Charles Bukowski was born in 1920 in Germany. He moved to the states when he was two years old. Bukowski dealt with an abusive father and a distant mother as a child. He was also bullied by others and rejected by girls because of blood poisoning he got as a child that left his face scarred. Bukowski’s father had a large influence on his life and his writing, saying that “the disgust he made me feel for life never left” (“Charles Bukowski”). Bukowski dropped out of Los Angeles City College and moved to New York to write. He dealt with so much rejection that he gave up and went on a decade long binge where he ended up close to death back in Los Angeles. He started writing again along with binge drinking. He began his professional writing career at the age of 35 and became famous after Barbet Schroeder produced a film called Barfly about his life in 1987. Love is a Dog from Hell is a collection of Bukowski’s works from 1974-1977. He writes in very real, unobstructed prose. He doesn’t sugarcoat anything; the poems are vitriolic, almost barbaric at times and his themes are about his idea of love, need for intimacy and the ultimate inevitability of loneliness.

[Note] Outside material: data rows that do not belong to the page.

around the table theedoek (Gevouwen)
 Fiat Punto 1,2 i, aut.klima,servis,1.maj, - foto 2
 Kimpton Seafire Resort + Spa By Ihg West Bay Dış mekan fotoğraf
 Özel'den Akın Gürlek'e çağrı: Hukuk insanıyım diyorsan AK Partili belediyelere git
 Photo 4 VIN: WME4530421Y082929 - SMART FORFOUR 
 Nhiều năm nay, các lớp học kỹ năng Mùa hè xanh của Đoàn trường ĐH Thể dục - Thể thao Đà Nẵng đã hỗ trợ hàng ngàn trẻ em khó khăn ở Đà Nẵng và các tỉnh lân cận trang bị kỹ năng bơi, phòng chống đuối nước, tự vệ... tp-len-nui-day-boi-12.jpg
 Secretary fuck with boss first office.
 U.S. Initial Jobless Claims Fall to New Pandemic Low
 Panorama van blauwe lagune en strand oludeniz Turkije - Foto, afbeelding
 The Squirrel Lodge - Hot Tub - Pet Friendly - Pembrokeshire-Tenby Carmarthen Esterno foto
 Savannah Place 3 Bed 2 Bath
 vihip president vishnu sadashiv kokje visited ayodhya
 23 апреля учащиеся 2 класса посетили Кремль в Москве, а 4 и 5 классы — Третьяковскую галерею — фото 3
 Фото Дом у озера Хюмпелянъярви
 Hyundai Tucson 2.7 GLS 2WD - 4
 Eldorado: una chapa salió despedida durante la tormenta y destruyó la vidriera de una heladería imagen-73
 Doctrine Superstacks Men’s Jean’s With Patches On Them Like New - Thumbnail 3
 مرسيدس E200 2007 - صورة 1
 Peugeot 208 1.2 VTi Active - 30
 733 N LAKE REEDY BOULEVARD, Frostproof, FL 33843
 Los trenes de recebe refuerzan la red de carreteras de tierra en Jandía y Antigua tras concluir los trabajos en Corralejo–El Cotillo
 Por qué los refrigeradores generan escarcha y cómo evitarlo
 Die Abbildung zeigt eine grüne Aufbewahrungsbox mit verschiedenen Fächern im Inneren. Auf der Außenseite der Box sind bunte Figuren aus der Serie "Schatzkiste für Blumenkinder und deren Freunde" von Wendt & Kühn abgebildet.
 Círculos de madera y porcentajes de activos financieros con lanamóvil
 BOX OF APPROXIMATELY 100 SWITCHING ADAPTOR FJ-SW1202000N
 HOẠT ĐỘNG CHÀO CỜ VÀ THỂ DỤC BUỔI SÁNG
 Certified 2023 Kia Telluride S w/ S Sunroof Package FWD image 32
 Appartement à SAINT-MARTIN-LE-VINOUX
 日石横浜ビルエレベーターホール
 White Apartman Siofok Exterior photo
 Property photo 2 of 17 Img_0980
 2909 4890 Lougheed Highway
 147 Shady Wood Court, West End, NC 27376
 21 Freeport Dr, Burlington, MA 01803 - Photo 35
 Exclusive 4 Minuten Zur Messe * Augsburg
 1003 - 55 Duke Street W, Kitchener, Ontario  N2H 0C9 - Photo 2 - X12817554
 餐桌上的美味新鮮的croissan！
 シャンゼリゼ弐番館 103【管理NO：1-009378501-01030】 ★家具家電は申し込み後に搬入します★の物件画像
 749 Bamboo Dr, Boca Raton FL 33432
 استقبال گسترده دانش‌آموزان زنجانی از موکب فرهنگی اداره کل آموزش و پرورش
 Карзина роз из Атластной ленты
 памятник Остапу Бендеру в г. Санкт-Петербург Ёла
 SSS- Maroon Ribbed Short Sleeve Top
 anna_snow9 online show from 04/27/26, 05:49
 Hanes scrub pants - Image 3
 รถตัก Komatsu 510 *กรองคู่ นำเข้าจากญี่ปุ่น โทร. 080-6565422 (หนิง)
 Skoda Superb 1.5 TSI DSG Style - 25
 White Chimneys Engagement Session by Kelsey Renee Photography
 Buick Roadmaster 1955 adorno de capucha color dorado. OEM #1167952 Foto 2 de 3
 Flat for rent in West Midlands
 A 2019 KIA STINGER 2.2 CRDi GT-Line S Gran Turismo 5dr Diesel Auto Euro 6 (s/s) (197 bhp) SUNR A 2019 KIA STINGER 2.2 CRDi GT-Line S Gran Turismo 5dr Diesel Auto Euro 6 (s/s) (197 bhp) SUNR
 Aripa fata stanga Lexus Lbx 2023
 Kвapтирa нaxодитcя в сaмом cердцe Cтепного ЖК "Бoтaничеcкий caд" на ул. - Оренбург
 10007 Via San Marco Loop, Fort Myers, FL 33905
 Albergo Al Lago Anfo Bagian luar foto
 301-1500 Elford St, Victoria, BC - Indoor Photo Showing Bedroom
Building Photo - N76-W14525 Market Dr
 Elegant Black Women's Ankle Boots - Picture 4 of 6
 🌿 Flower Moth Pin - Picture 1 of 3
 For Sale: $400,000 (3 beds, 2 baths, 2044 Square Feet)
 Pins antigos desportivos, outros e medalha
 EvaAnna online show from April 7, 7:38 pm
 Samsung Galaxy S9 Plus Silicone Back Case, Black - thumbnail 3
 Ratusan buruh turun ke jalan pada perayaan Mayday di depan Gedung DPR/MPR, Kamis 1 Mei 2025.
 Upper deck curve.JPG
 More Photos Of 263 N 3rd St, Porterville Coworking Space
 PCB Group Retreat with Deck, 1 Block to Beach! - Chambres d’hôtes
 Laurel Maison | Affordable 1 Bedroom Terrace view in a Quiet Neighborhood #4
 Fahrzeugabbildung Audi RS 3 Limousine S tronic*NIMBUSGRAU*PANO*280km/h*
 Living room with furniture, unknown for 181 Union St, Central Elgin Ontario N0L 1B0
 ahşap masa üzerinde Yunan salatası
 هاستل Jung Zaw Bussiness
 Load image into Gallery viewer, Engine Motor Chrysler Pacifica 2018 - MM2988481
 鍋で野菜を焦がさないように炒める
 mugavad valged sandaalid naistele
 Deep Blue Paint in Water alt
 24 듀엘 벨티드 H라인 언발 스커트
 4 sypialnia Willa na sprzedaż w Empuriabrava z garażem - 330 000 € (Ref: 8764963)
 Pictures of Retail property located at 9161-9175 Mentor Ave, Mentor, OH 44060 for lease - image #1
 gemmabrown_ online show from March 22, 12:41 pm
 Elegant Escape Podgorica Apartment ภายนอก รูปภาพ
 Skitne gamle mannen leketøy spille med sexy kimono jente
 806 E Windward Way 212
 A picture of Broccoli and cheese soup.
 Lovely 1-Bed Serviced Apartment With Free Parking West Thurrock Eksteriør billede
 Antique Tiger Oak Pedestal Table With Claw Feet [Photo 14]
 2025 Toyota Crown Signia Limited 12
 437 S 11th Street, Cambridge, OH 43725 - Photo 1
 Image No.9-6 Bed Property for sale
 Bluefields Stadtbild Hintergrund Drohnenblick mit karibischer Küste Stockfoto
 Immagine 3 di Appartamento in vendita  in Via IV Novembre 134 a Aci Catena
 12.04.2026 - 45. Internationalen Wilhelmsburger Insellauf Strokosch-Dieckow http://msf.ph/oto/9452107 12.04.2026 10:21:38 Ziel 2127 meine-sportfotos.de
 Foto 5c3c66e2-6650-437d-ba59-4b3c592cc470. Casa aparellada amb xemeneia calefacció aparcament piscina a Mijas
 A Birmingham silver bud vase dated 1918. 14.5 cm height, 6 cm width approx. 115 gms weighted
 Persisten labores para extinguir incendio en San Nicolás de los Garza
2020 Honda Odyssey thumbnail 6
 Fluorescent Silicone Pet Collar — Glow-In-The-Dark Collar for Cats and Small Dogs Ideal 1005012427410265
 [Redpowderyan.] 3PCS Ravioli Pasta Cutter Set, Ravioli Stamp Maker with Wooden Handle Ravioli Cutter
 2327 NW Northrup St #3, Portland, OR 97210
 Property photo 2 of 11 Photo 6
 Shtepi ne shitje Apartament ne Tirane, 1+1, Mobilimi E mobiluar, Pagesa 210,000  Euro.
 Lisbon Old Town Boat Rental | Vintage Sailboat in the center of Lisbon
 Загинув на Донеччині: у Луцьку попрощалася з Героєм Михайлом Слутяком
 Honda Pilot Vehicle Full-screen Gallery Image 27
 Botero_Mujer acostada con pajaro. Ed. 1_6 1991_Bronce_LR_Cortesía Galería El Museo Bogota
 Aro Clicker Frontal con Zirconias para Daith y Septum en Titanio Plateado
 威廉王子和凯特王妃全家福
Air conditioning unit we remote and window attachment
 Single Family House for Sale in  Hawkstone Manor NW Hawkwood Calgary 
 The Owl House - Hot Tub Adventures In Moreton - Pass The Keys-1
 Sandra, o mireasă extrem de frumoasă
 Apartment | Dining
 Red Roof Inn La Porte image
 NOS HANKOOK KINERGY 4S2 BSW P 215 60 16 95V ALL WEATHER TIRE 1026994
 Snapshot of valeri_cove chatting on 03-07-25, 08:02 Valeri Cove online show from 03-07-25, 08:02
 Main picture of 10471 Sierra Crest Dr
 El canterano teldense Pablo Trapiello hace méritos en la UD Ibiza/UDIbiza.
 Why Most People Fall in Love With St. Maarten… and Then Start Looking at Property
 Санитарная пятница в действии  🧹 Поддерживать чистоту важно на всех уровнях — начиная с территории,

He writes about love so much because he craves it, I believe. Even in his misogynistic tone, there was a hopeless romantic. “Quiet Clean Girls in Gingham Dresses”, “Alone with Everybody”, and “The Crunch” are three poems that put on display his desire for love, his opinions on life and ideas of love.
Bukowski writes much like Henry Miller, the two share so many similarities it’s like two aspects of a single entity. The two men write taking an almost sadistic, misanthropic, misogynistic tone to it. Both alienate themselves from others, while still maintaining few friendships. They are very masculine and honest in their writings. Both using themes of loneliness and depravity, they preferred sensuality and sexuality over intellectualism.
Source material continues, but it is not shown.